Start of Block
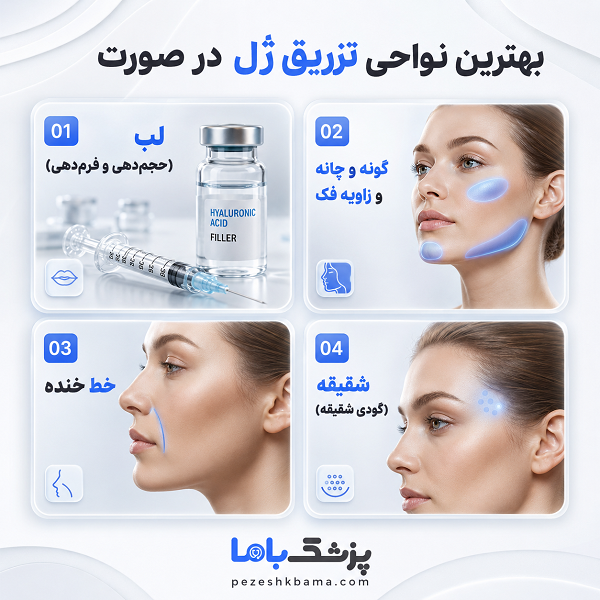 تزریق ژل یا بوتاکس؟ تفاوتهایی که قبل از انتخاب باید بدانید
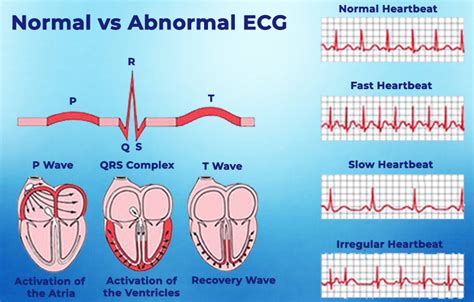 Echocardiogram Ecg In Dubai Best Cardiologist In Dubai Highgate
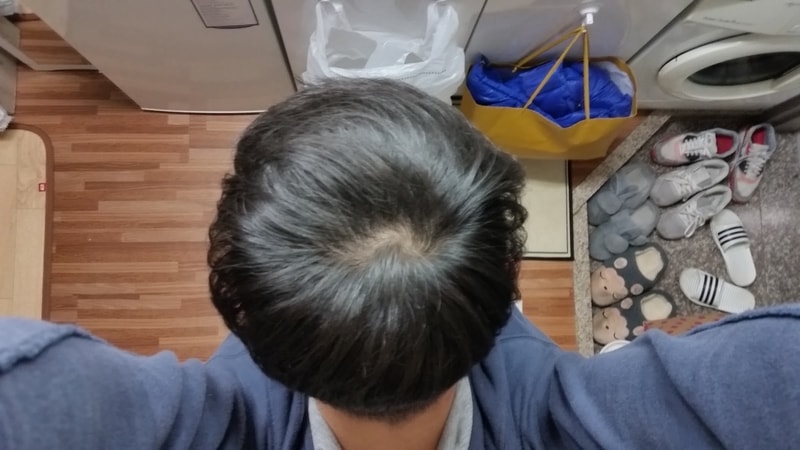 20170306_5개월.jpg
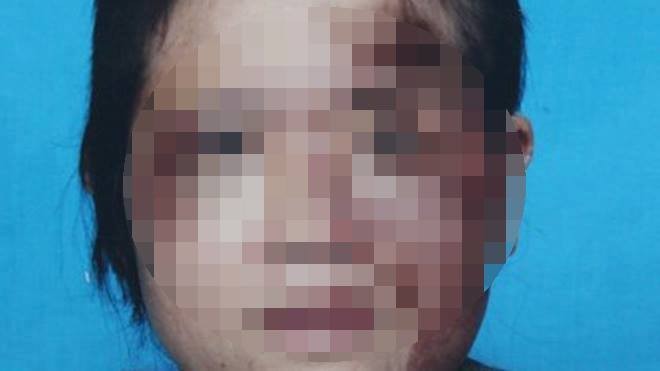 Nghi án bị chồng bạo hành dã man vì tham gia đa cấp Chị H. với khuôn mặt biến dạng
End of Block
◆ What to do
Type out the data above again exactly as written, minus the images.

◆ Answer for this exercise
 تزریق ژل یا بوتاکس؟ تفاوتهایی که قبل از انتخاب باید بدانید
 Echocardiogram Ecg In Dubai Best Cardiologist In Dubai Highgate
 20170306_5개월.jpg
 Nghi án bị chồng bạo hành dã man vì tham gia đa cấp Chị H. với khuôn mặt biến dạng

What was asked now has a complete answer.